Some packet fields may be read outside of the respective locks guarding
them, specifically priority and state for tracing. In those cases, proper
access is ensured by employing ``WRITE_ONCE()`` and ``READ_ONCE()``. Such
read-only access is only allowed when stale values are not critical.

With respect to the interface for higher layers, packet submission
(|ssh_ptl_submit|), packet cancellation (|ssh_ptl_cancel|), data receival
(|ssh_ptl_rx_rcvbuf|), and layer shutdown (|ssh_ptl_shutdown|) may always be
executed concurrently with respect to each other. Note that packet
submission may not run concurrently with itself for the same packet.
Equally, shutdown and data receival may also not run concurrently with
themselves (but may run concurrently with each other).


Request Transport Layer
=======================

The request transport layer is represented via |ssh_rtl| and builds on top
of the packet transport layer. It deals with requests, i.e. SSH packets sent
by the host containing a |ssh_command| as frame payload. This layer
separates responses to requests from events, which are also sent by the EC
via a |ssh_command| payload. While responses are handled in this layer,
events are relayed to the next upper layer, i.e. the controller layer, via
the corresponding callback. The request transport layer is structured around
the following key concepts:

Request
-------

Requests are packets with a command-type payload, sent from host to EC to
query data from or trigger an action on it (or both simultaneously). They
are represented by |ssh_request|, wrapping the underlying |ssh_packet|
storing its message data (i.e. SSH frame with command payload). Note that
all top-level representations, e.g. |ssam_request_sync| are built upon this
struct.

As |ssh_request| extends |ssh_packet|, its lifetime is also managed by the
reference counter inside the packet struct (which can be accessed via
|ssh_request_get| and |ssh_request_put|). Once the counter reaches zero, the
``release()`` callback of the |ssh_request_ops| reference of the request is
called.

Requests can have an optional response that is equally sent via a SSH
message with command-type payload (from EC to host). The party constructing
the request must know if a response is expected and mark this in the request
flags provided to |ssh_request_init|, so that the request transport layer
can wait for this response.

Similar to |ssh_packet|, |ssh_request| also has a ``complete()`` callback
provided via its request ops reference and is guaranteed to be completed
before it is released once it has been submitted to the request transport
layer via |ssh_rtl_submit|. For a request without a response, successful
completion will occur once the underlying packet has been successfully
transmitted by the packet transport layer (i.e. from within the packet
completion callback). For a request with response, successful completion
will occur once the response has been received and matched to the request
via its request ID (which happens on the packet layer's data-received
callback running on the receiver thread). If the request is completed with
an error, the status value will be set to the corresponding (negative) errno
value.

The state of a request is again managed via its ``state`` flags
(|ssh_request_flags|), which also encode the request type. In particular,
the following bits are noteworthy:

* ``SSH_REQUEST_SF_LOCKED_BIT``: This bit is set when completion, either
  through error or success, is imminent. It indicates that no further
  references of the request should be taken and any existing references
  should be dropped as soon as possible. The process setting this bit is
  responsible for removing any references to this request from the request
  queue and pending set.

* ``SSH_REQUEST_SF_COMPLETED_BIT``: This bit is set by the process running the
  ``complete()`` callback and is used to ensure that this callback only runs
  once.

* ``SSH_REQUEST_SF_QUEUED_BIT``: This bit is set when the request is queued on
  the request queue and cleared when it is dequeued.

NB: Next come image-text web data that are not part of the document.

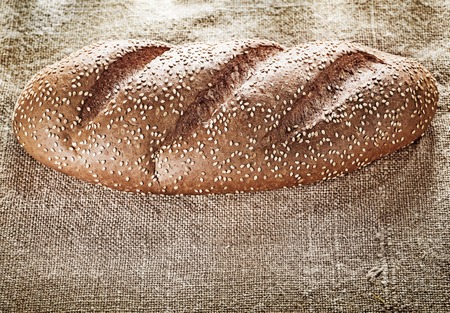 Loaf of bread on burlap background.の写真素材
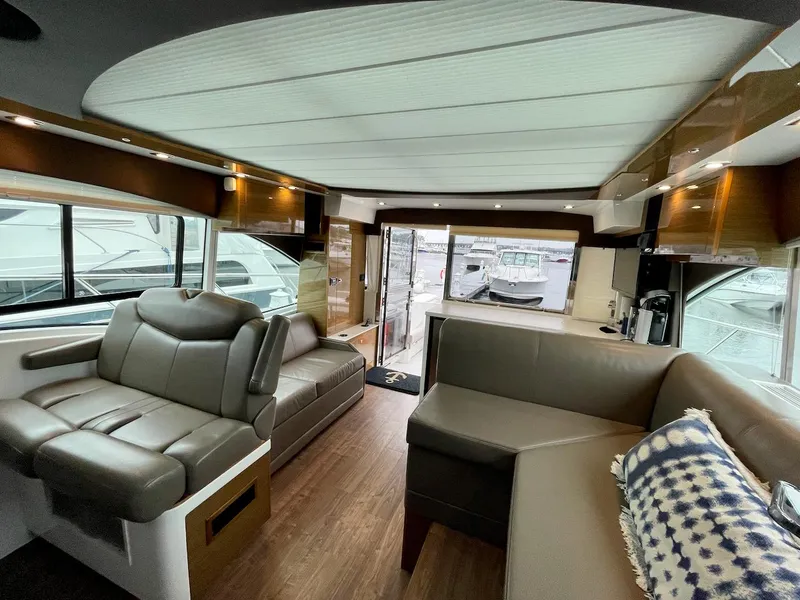 Slide: The Image of Interior of 2018 Cruisers 45 Cantius yacht with modern seating and wood flooring. - 6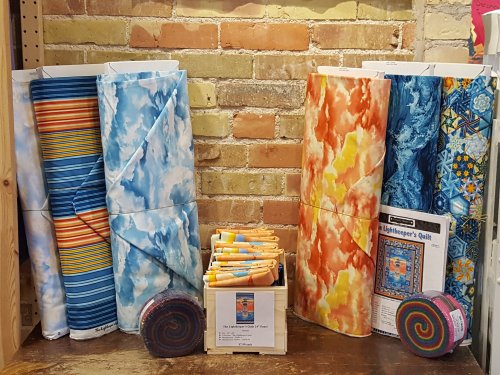 Colorful fabric rolls in various patterns, stacked beside a display of quilting supplies and a rainbow of fabric strips.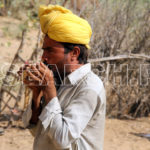 A Hindu blowing in temple, Chachro, Thar, Sindh, December 27, 2012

* ``SSH_REQUEST_SF_PENDING_BIT``: This bit is set when the request is added to
  the pending set and cleared when it is removed from it.

Request Queue
-------------

The request queue is the first of the two fundamental collections in the
request transport layer. In contrast to the packet queue of the packet
transport layer, it is not a priority queue and the simple first come first
serve principle applies.

All requests to be transmitted by the request transport layer must be
submitted to this queue via |ssh_rtl_submit|. Once submitted, requests may
not be re-submitted, and will not be re-submitted automatically on timeout.
Instead, the request is completed with a timeout error. If desired, the
caller can create and submit a new request for another try, but it must not
submit the same request again.

Pending Set
-----------

The pending set is the second of the two fundamental collections in the
request transport layer. This collection stores references to all pending
requests, i.e. requests awaiting a response from the EC (similar to what the
pending set of the packet transport layer does for packets).

Transmitter Task
----------------

The transmitter task is scheduled when a new request is available for
transmission. It checks if the next request on the request queue can be
transmitted and, if so, submits its underlying packet to the packet
transport layer. This check ensures that only a limited number of
requests can be pending, i.e. waiting for a response, at the same time. If
the request requires a response, the request is added to the pending set
before its packet is submitted.

Packet Completion Callback
--------------------------

The packet completion callback is executed once the underlying packet of a
request has been completed. In case of an error completion, the
corresponding request is completed with the error value provided in this
callback.

On successful packet completion, further processing depends on the request.
If the request expects a response, it is marked as transmitted and the
request timeout is started. If the request does not expect a response, it is
completed with success.

Data-Received Callback
----------------------

The data received callback notifies the request transport layer of data
being received by the underlying packet transport layer via a data-type
frame. In general, this is expected to be a command-type payload.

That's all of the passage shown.